On Thursday, November 15, 2018, Kentucky’s highest court unanimously ruled that a 2017 state law, which required medical malpractice claims to be reviewed first by an expert advisory panel, is unconstitutional.
In June 2017, the Medical Review Panel Act, a tort reform measure designed to weed out dead-end medical malpractice cases and prevent possibly negligent doctors from leaving the state, was struck down by the Kentucky Supreme Court because it delayed citizen’s access to the courts.
The Medical Review Panel Act required claimants to submit their cases to a panel of doctors prior to filing a lawsuit against a health care provider. A patient could file a request for a review, and three doctors would be assigned to review it. One doctor would be chosen by the patient, one by the defendant medical professional, and the third would be picked by the other two doctors. Those doctors then had nine months to issue a nonbinding advisory opinion that could be admissible in court.

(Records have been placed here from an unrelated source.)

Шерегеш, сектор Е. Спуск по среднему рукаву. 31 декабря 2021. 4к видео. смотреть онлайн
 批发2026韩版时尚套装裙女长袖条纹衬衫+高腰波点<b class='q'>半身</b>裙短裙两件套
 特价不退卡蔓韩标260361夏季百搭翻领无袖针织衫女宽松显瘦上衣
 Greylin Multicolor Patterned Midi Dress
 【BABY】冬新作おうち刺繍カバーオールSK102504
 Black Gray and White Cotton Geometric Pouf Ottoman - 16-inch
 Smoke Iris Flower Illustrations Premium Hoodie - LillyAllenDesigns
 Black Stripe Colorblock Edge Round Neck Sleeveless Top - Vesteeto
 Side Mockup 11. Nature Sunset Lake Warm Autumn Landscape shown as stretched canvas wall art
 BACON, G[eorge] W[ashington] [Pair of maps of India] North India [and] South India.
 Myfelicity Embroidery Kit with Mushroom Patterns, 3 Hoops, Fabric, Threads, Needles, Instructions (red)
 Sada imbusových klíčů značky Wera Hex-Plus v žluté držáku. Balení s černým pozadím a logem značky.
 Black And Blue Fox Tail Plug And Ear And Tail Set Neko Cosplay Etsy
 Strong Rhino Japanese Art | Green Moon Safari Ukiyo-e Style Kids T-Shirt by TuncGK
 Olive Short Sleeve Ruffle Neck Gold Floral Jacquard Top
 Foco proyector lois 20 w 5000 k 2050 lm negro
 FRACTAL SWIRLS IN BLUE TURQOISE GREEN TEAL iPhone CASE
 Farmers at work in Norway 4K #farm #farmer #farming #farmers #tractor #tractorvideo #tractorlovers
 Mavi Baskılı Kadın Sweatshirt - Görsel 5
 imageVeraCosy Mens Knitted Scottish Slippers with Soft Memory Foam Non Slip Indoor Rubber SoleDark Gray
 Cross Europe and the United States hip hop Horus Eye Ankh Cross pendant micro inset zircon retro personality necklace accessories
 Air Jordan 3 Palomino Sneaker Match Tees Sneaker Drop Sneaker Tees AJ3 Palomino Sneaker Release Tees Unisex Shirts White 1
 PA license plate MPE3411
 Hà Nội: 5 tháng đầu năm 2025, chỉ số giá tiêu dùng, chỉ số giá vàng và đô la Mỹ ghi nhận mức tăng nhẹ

According to Franklin Circuit Court Judge Phillips Shepherd, the law violates the equal protection and special legislation guarantees under the Kentucky Commission because it hinders Kentucky’s residents’ access to the courts in violation of the state’s open courts doctrine and is not rationally related to lawmaker’s goals. It also limits the claimant’s freedom to choose how and when to access the courts.
The delay that resulted from the Medical Review Panel Act is unconstitutional because it contradicts Section 14, which applies to all branches of the government. Section 14 prohibits legislatively created delays to allow claimants the ability to seek immediate action in the courts of the Commonwealth for common-law personal injury matters.
The decision to rule the panels as unconstitutional is a setback for state lawmakers’ ongoing efforts to establish tort reform measures that benefit health care providers, but is a step forward for individuals and families who suffer from instances of malpractice-related injury and seek trial by jury.
The changes do not stop with the review panels. In March 2018, a bill was approved that made hospital peer reviews inadmissible as evidence in medical malpractice lawsuits. Another bill was passed that required med mal plaintiffs to file complaints with an affidavit of merit, which is an export report vouching for their claim.
At Thomas Law Offices, this step forward means that roughly a dozen of the cases we are representing clients for will be allowed to proceed in Circuit Court. Tad Thomas, Founder, had this to say regarding the ruling:
“The Supreme Court saw that this law was merely a delay tactic that infringed on the rights of individuals who have been harmed in hospitals and nursing homes. The founding fathers of our nation knew that the best way to achieve justice was by a jury of one’s peers, not a rigged bureaucracy.”